A sea of hats and veils covered up women's updos, as per request of the couple.
a woman in a cummerbund swept by me. I became very conscious of the way I chewed.
something inside of my cracked open, and I let her step inside.
This baby's head is bothering me because it's like a piece of fruit gone bad. I understand that, now, in the middle of this endless desert of sound. It's like the soft spot on the peach that you can just plunge your thumb into, with no questions asked, with not so much as a how-do-you-do.
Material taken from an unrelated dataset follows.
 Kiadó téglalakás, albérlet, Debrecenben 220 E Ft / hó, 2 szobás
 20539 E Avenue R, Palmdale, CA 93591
packing a glass bowl as she straddled me, poking the weed gently with her finger
the smoke crawled out of her mouth one limb at a time; an animal.
filling my lungs with a heady smoke
as we languished there, I felt my whole self loosening, my mind retreating to a place somewhere around my left ear
we drifted in water warm as soup
my legs gently scissored through the water
I felt like she was seared into my timeline, unchangeable as Pompeii
I would look over her smooth pale skin, the pink shock of her labia, and kiss her mouth in a way that sent quakes straight to my fault lines, and think, Thank god we cannot make a baby.
wiping soft little gnocchi pieces from the gabbling chin of a baby, of our baby.
in the good bed, as she slid her hand into me, and I pulled and she gave and I opened and she came without touching herself and I responded by losing all speech, I thought, Thank god we cannot make a baby.
a collection of six dozen mugs that we have found beautiful or ironic over the years,
a collection of glass jars, the labels peeled away
Two glass containers of milk, one good, one sour, a carton of half-and-half, birth control from the age of men that I still haven't thrown away, a near-black eggplant, a jar of horseradish the shape of a bar of soap, olives, sweet Italian peppers tense as hearts, soy sauce, bloody steaks hidden away in the dry fold of paper, leaking shamefully, a cheese drawer with balls of fresh mozzarella floating in their own milky-water broth, and salami with a dusty white tubing
In the freezer, cracked plastic ice trays with cubes swollen past their banks
shallots the size of fists
sesame oil whose glass bottle never seems to lose the greasy sheen on its outside no matter how many times it is wiped clean
a nightstand that, when opened reveals--shut that, please.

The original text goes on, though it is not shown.